Look at the open reactions of some of the experts. One of them told a newspaper that the scale of intervention, and lack of communication raised concerns over transparency. The RBI’s actions were “discretionary,” which stinks of the times when policies are opaque, nationalistic, and aimed to protect the policy-makers and regulators. Some feel that the recent actions “raise the bar for rupee assets among offshore investors.” Indeed, there may now be a divide between onshore and offshore trading, which may not be a good sign. Even if the moves are reversed, the taste will linger on for a long time.
Media reports indicate that nations, which have imposed such strictures in the recent past have suffered. Between 2015 and 2017, China tightened the offshore yuan liquidity, which “steadied the currency but led to funding pressure, and unsettled global investors.” In 2016, Malaysia’s restrictions on offshore currency trading “reduced the speculative activity but drained liquidity.” Hence, there is invariably a “delicate balance” between currency protection at any cost, which is what India did, and reforms-oriented image, which India gave. Even minor discretions can break the bond, and severe links.
When he spoke for the first time after the currency moves, which is when he unveiled the monetary policy, Sanjay Malhora, RBI governor, explained that the measures were temporary, and not permanent. The finance ministry leaked information that global experts, including foreign investors, were consulted before the measures. The first indicates signs of
reconciliation, or an admission that this was knee-jerk reaction to prevent the rupee from breaching INR 100 to a dollar. The second hints that the idea was not to spook investors.
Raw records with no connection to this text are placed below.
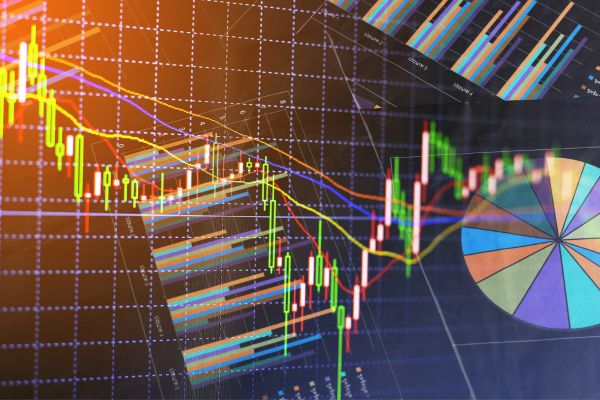 Script Indicador Weis Wave Volume (WWV)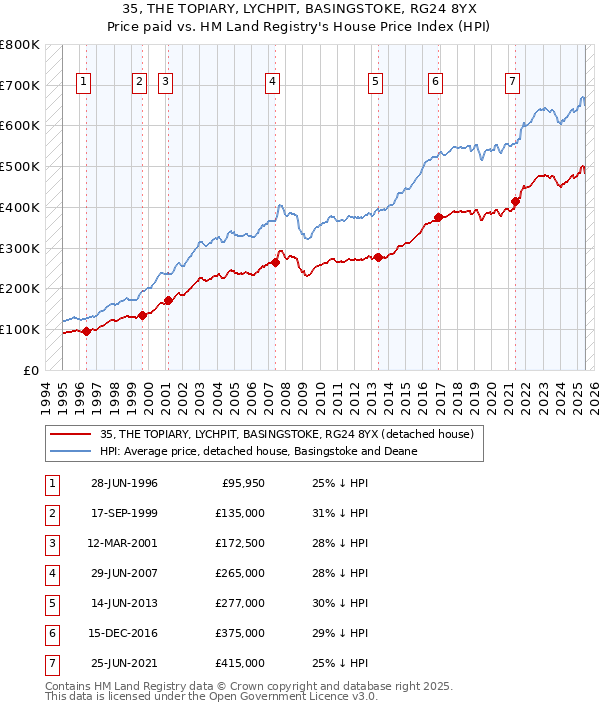 35, THE TOPIARY, LYCHPIT, BASINGSTOKE, RG24 8YX: Price paid vs HM Land Registry's House Price Index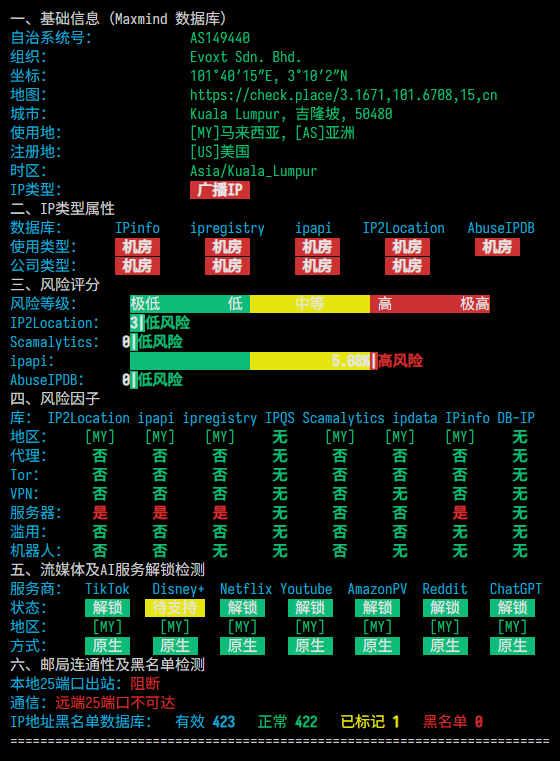 Evoxt|马来西亚vps测评|三网优化(CN2+9929+CMI)|1核512M|1Gbps|月付$3.49起|解锁Netflix&ChatGPT&TikTok Evoxt|马来西亚vps测评|三网优化(CN2+9929+CMI)|1核512M|1Gbps|月付$3.49起|解锁Netflix&ChatGPT&TikTok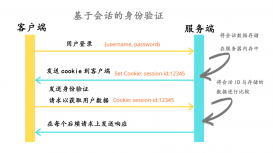 如何使用会话Cookie和Java实现JWT身份验证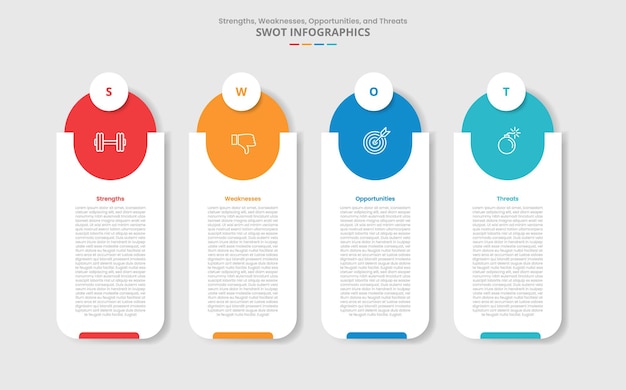 Análisis SWOT para infografía con estilo de sombra de gota con caja rectangular redonda vertical con gran círculo superior con información de lista de 4 puntos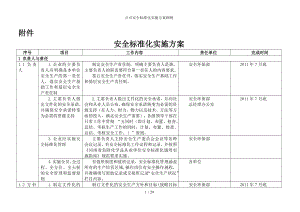 公司安全标准化实施方案细则参考模板范本.doc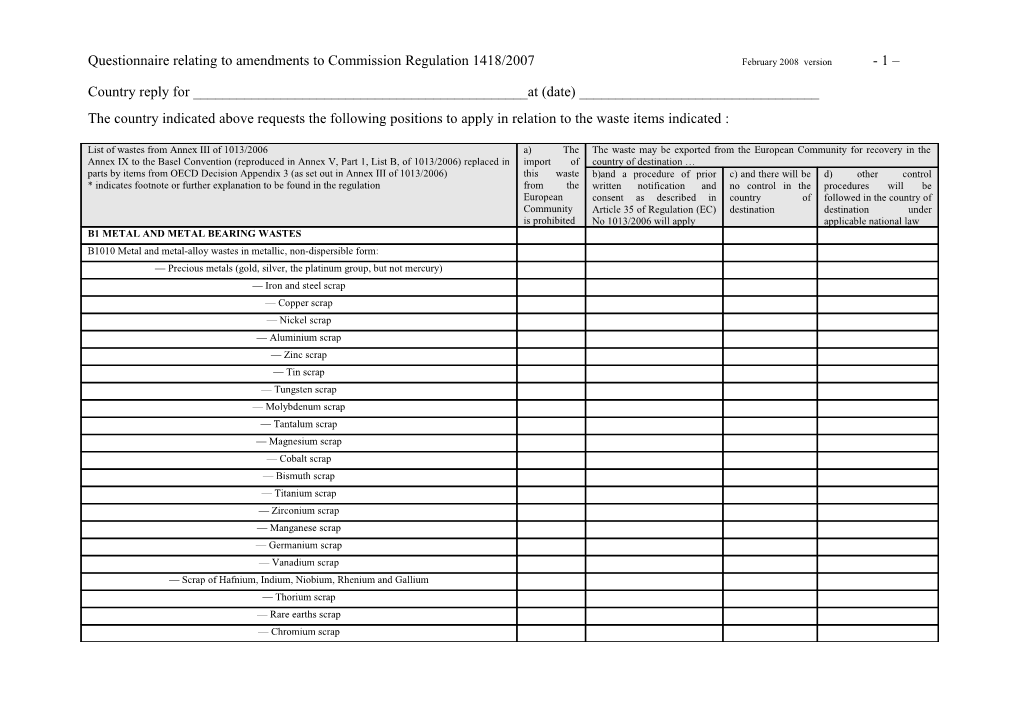 Questionnaire Relating to Amendments to Commission Regulation 1418/2007February 2008 Version- 1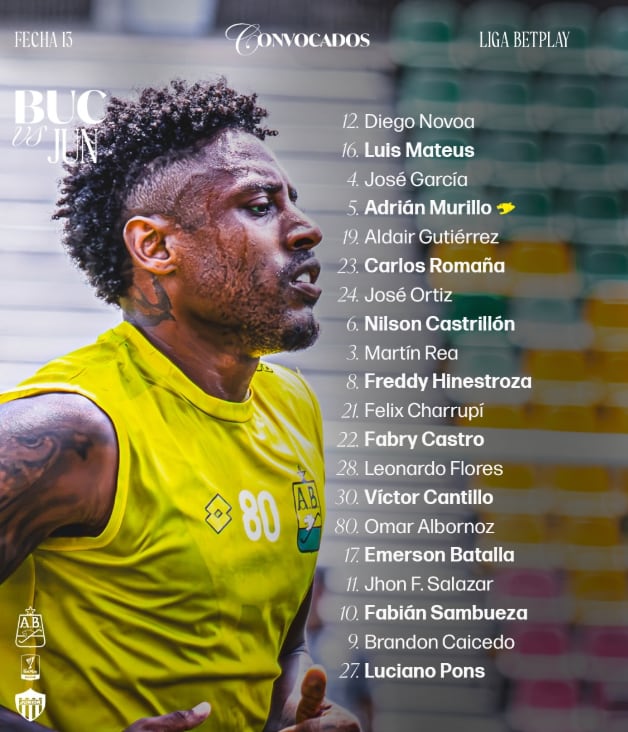 Atlético Bucaramanga y sus convocados para enfrentar a Junior de Barranquilla en la fecha 13 de la Liga BetPlay 2026-II - crédito @bucaramangaoficial/Instagram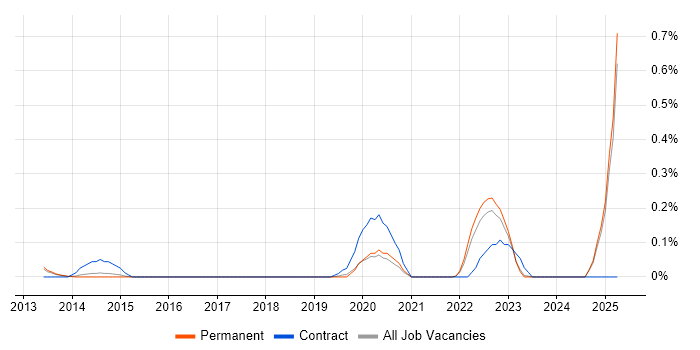 Job vacancy trend for Digital Copywriter in Surrey Job vacancy trend for Digital Copywriter in Surrey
“Some analysts believe the central bank’s actions may provide only limited support to an economy dealing with a current account deficit, and capital outflows. Elevated oil prices could further strain inflation, and widen the deficit, adding to pressure on the rupee. For now, restrictions… have reduced liquidity, and made hedging more challenging. The growing divergence between offshore and onshore markets is already affecting foreign appetite for Indian bonds,” explains a media report. The fact remains that investors need a “reliable and predictable investment framework.” They cannot be jolted with shocks.
More importantly, short-term aggression, and guerrilla attacks, like the RBI did, cannot win wars. Yes, they win battles, as the RBI did, and rupee strengthened. If the macro scenario does not change, the speculators will be back, and with a vengeance. In the end, what the RBI will achieve is a steady fall, not necessarily a plateau. Possibly, this is what the central bank wishes. It does not want a sudden and steep fall. Indeed, as the RBI has maintained, it does not have a support level for the rupee. Its aim is to stop speculation that drives the rupee lower, and faster, and more aggressively, than it is expected to do.